Eduardo Calvo, con sobria palabra, recrea mitos clásicos, habla de Apolo y de Ulises, de las musas y de Proserpina; un famoso verso de Virgilio, que los tratados de poética suelen citar como ejemplo de hipálage, le sirve de lema: "Ibant obscuri sola sub note per umbram". La lectura que Calvo hace de la tradición clásica, su manera de entremezclar historia y vida, le debe mucho a Borges. En algunos casos esa deuda resalta especialmente. En la técnica enumerativa de un poema como "Jerusalén", por ejemplo: "Eres la casa de mis padres,/tapiz donde se cruzan/figuras de gentiles. /Eres el placer/de un libro de conjuros./Eres una cierva joven/que huye ante la brusca zarza/en llamas".
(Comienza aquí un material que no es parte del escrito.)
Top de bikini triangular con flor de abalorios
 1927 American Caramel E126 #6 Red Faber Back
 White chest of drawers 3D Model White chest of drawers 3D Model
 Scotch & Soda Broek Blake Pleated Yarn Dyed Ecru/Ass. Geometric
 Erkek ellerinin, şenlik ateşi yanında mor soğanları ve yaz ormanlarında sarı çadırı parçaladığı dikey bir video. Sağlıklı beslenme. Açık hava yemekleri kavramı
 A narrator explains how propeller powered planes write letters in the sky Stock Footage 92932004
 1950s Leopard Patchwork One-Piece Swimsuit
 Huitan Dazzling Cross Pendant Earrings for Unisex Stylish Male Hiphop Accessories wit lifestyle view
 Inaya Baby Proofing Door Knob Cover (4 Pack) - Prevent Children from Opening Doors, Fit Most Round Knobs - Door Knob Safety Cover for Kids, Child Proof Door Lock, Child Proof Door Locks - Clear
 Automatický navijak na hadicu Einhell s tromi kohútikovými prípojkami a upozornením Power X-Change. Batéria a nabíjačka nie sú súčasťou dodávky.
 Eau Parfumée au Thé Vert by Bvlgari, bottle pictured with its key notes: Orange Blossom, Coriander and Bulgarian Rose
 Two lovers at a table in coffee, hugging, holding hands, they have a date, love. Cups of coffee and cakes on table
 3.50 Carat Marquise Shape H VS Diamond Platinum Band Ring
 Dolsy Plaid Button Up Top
No menos evidente resulta el magisterio borgiano en los sonetos, algo titubeantes, con versos flojos ("ilumina los inciertos pedazos"), como primerizos ejercicios de taller literario. En el titulado "Flandes" hay un distante eco del Manuel Machado que nos habla de la guerra -humo y sangre- que baña "de rojo el holandés cielo plomizo": "Lo que quise soñar: mi desventura,/mi horizonte, mi amparo, mi fortuna,/el acero en la garganta de la luna,/mi tumba y tu memoria, mi natura./Eres morir tan lejos de mi España,/entre sangrientas sombras, entre amigos,/con los dioses mejores por testigos/de mi error, de mi empeño, de mi hazaña". Un eco muy distante, ciertamente. Con un bolero y un tango, recuerdo de la sensibilidad camp de los iniciales años setenta, se atreve también el poeta. Más conseguido resulta el segundo, que se acoge a una cita de Discépolo: "Aunque no venga la vida/a quebrarte/ni haya quien quiera engañarte,/aunque no crezca la herida/o la afrenta / al final de otra noche perdida..."
No falta quien se queje de la excesiva atención que antólogos y críticos prestan a la poesía joven. Hay una razón para ello: a los veinte años, incluso detrás de un mal libro puede estar un buen poeta. A los cincuenta, en cambio, no basta con publicar un libro simplemente correcto, con hacer bien -o ni siquiera eso- lo que otros han hecho mejor. A los veinte años la moneda está en el aire. A los cincuenta ya ha caído cara o cruz.